Pronouns: He/Him. Tom is a Housing Development Manager at The Kelsey, managing the business development pipeline, leading technical assistance projects, and supporting asset management and financial feasibility matters. A lawyer by trade, Tom is a 2015 graduate of the University of Miami School of Law and is licensed to practice law in Massachusetts, New Hampshire, the District of Columbia, and Florida. After practicing regulatory law for three years, Tom obtained his Real Estate Investment Certificate from Harvard Extension School, propelling him into the real estate development world. Tom joined The Kelsey after three years as a Development Associate for Capitol Seniors Housing, which focused on development of assisted living communities across the country. A few years into his career, Tom experienced an injury which has left him with permanent disabilities; through this challenge, Tom has come to know first-hand the structural obstacles that many people face when it comes to finding housing, and he has dedicated himself to identifying, confronting, and breaking down these obstacles. A Boston native and graduate of Boston College, Tom now resides in Fort Lauderdale, FL with his husband and their three dogs.

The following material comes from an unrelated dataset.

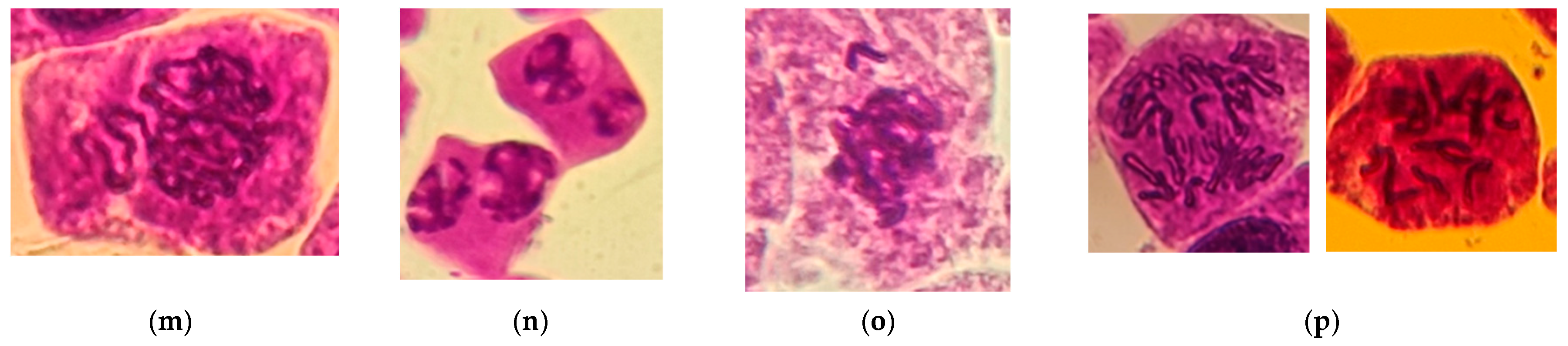 Horticulturae 10 00504 g011b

What part of The Kelsey’s mission are you proudest to be part of / support?
I am most proud of supporting The Kelsey’s missions of being “Radically Inclusive” and “Disability-Forward” in the development of housing. It is my sincere, core belief that housing is not solely about providing shelter; indeed, having a place to call “home” is an essential element of human dignity. We have a duty as a society to uphold and respect the dignity of every person, especially those living with disabilities. And The Kelsey’s mission is dedicated to working toward that end.
What does it mean to you to be Disability-Forward? Why does it matter?

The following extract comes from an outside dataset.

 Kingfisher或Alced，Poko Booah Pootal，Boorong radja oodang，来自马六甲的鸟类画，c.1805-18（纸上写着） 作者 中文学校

To me, “Disability-Forward” means setting the stage for true equity for persons living with disabilities. In other words, ensuring that they have the tools and resources in place to surmount obstacles and live their version of their fullest lives. Whether it’s on a small scale or a more big-picture structural scale, it’s important that persons living with disabilities have a fair opportunity to become the fullest versions of themselves. Having stable housing is crucial to providing that fair opportunity. This matters because everybody facing hardship, including those living with disabilities, has so much to offer this world – and it’s in our best interest as a society to set them up to be able to do so.